Eventually, India won its independence and with it, began Shastri's political career. He began by becoming Parliamentary Secretary in Uttar Pradesh in 1951 and went on to handle various positions including Minister of Police and Transport in UP, where he introduced women conductors and issued orders to the police to use water jets as opposed to lathi charge to disperse crowds. It was under his watch that the early communal riots were brought under control.

His political career only went up from there as he was soon made the general secretary of the Congress under the Premiership of Jawaharlal Nehru and the post of Railways minister in 1952.

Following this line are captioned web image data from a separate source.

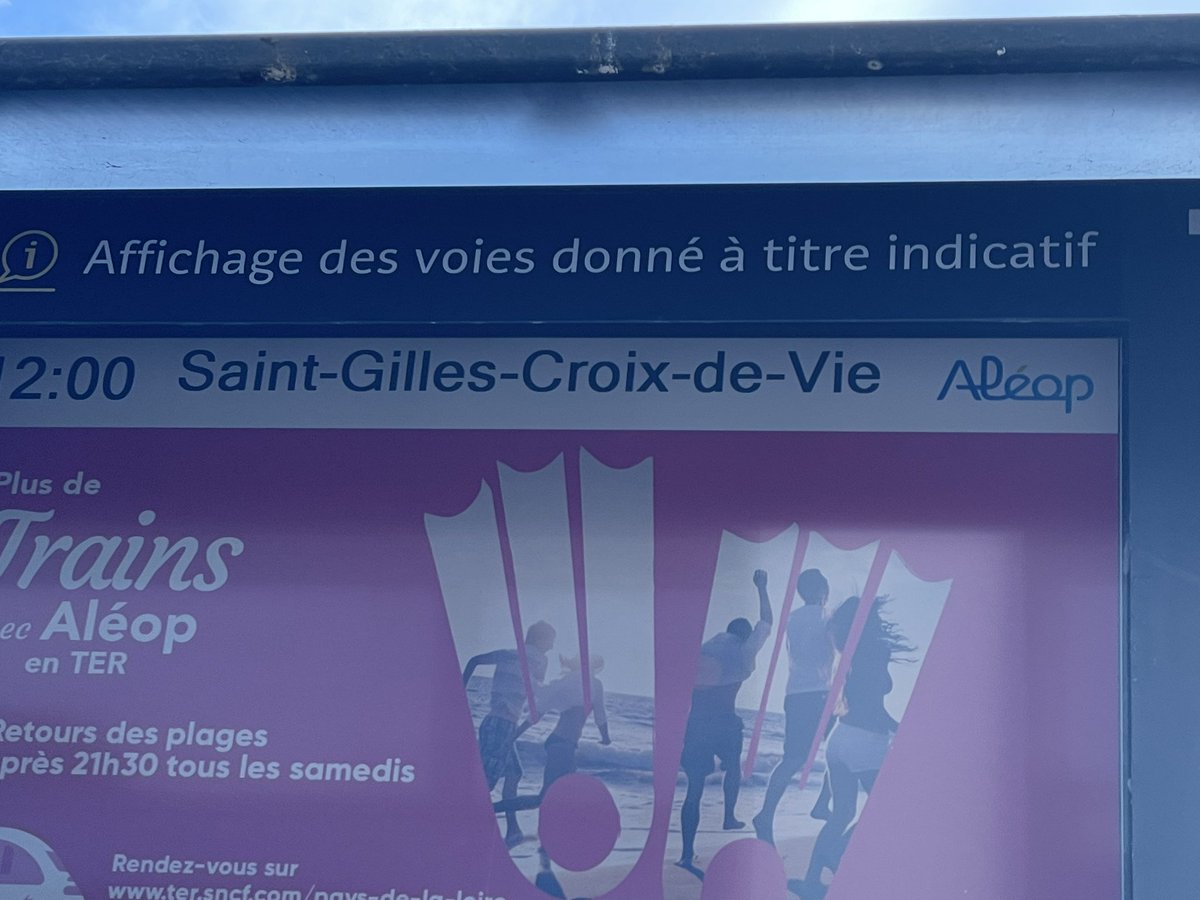 Bon alors quoi ma voies #SNCF je la choisie au hasard ?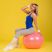 Гимнастический мяч PROFI-FIT, диаметр 55 см, антивзрыв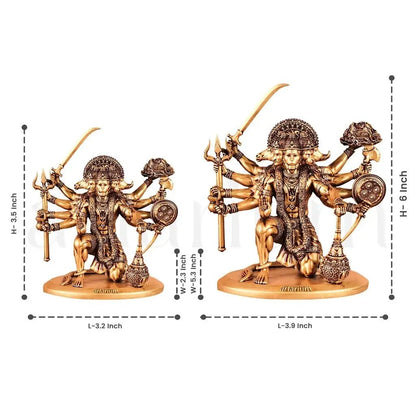 Sitting Panchmukhi Hanuman Statue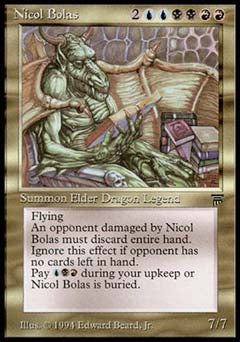 Nicol Bolas (Legends) Medium Play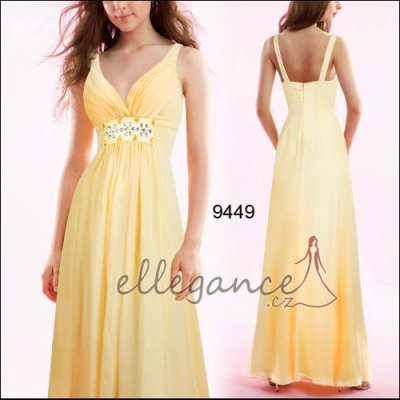Žluté společenské šaty Ever Pretty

After Nehru's death in '64, Shastri entered the fray to fill the void left behind. With the help of K. Kamaraj and his own appeal to the people, Shastri became the second Prime Minister, beating the right-wing conservative Maoraji Desai to the post of Premier.

It was during his time that the government, attempting to establish Hindi as the sole national language, saw anti-Hindi agitation in many of the non-Hindi speaking states, especially Madras. Shastri's assurance that the non-Hindi states may continue using English helped tide the agitation over.

White and Green Revolution

The White and Green Revolutions, commonly accepted to be Shastri's biggest contributions to the Indian economy, came soon after. Amul, found under the tutelage of Verghese Kurien, found significant support by Shastri, who appealed to him to replicate the Amul model across the country and founded the National Dairy Development Board to that effect.

A believer in the ideology that one must first attempt something before asking others to do the same, Shastri decided that his family would skip a meal per week and then appealed to the country to do the same, that those less fortunate could be fed. This resulted in the eponymous 'Shastri Vrat', which involved even eateries closing their shutters one day per week.

Indo-Pak war, 1965

The 22-day long Indo-Pak war of 1965 saw Shastri's still-renowned slogan 'Jai Jawan, Jai Kisan' come to the fore. As Pakistan bore down upon India, Shastri refused to bow, saying that it would be fine with living in poverty for a little longer, but freedom cannot be subverted.

During the course of the War, even China stepped in to try and strong-arm Shastri by alleging that India set up equipment in Chinese territory and threatened military action, which did not deter him in any way.

On September 17, 1965, the United Nations stepped in and mandated a ceasefire, ending the war before it became any worse for both young nations.

Death

Lal Bahadur Shastri's death remains to this day, an unsolved phenomenon. Shortly after the UN ceasefire, the leaders of India and Pakistan met Soviet leaders to sign the Tashkent Declaration to end the conflict for good. The Declaration preceded multiple high-profile incidents: the downfall of Ayub Khan, the birth of Pakistan People's Party and the death of Shastri in a foreign land, the first such incident of its kind.

Shastri was reported to have died in his hotel room at 0200 hours, reportedly of a heart attack, just hours after signing the Declaration. Despite many probes into how a man who had no prior heart ailments and was in generally good health died of a heart attack fueled conspiracy theories that he was poisoned by the CIA. To this day, all RTI applications filed for the disclosure of the circumstances and exact details surrounding Shastri's death have been declined for various reasons.